Want high coverage (few false -ves) and few errors (few false +ves), i.e. near bottom-right of graph is "good".

Data Generation

  (Printer warning: May lose graph lines if page is shrunk or ¬colour.)
ROC CURVE for Markov based alignment edit distance model algorithm v.

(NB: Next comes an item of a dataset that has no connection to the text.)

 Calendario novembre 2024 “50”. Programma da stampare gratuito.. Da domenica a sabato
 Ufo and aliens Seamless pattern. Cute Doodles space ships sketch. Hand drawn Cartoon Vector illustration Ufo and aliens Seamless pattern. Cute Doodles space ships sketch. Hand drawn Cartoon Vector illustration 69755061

Smith Waterman DPA, PRSS, significance
Easiest problem, new method ~ shuffling (bottom-right is "good")
green: PRSS p-value (blue: S-W raw score);
red: (summed) M-align (Markov=1).
Uniform random pop'n (2 bits/base):
All methods should do well, & they do.
(Printer warning: May lose graph lines if page is shrunk or ¬colour.)
ROC CURVE compressible 0-order DNA sequences Markov DPA alignment compared to Smith Waterman, PRSS, significance
Easy problem, new method ~ shuffling (bottom-right is "good")

green: PRSS p-value (blue: S-W raw score);
red: (summed) M-align (Markov=1).

0-order data, biased composition:
PRSS good, M-align best.
(Printer warning: May lose graph lines if page is shrunk or ¬colour.)
ROC CURVE, mixed pop'n, generalized pair hidden machine, Hidden Markov Model, GPHMM HMM PFSA PFSM
Harder problem, new M-alignment method (red) is best (bottom-right is "good")
green: PRSS p-value (blue: S-W raw score);
red: (summed) M-align (Markov=1).
Mixed pop'n, high entropy 0-order seq's and low entropy 0-order seq's
(Printer warning: May lose graph lines if page is shrunk or ¬colour.)
ROC CURVE, population of mixed sequences, generalised pair hidden Markov model alignment machine GPHMM HMM HFSA HFSM PFSA PFSM
Hard problem, new M-alignment method (red & purple) is best (bottom-right is "good")
green: PRSS p-value; (blue: S-W raw score);
red: (summed) M-align (Markov=1);
purple: M-align (blended seq' model).
Pop'n of mixed seq's of high (2-bit/base) & low entropy 1st-order regions

[Testing]: Real examples



[*] Like many things out of Computer Science, Monash University, this work owes a debt to Chris Wallace (1933 - 7/8/2004).

© D. Powell, L. Allison, T. I. Dix, School of Computer Science and Software Engineering, Monash University, Australia 3800.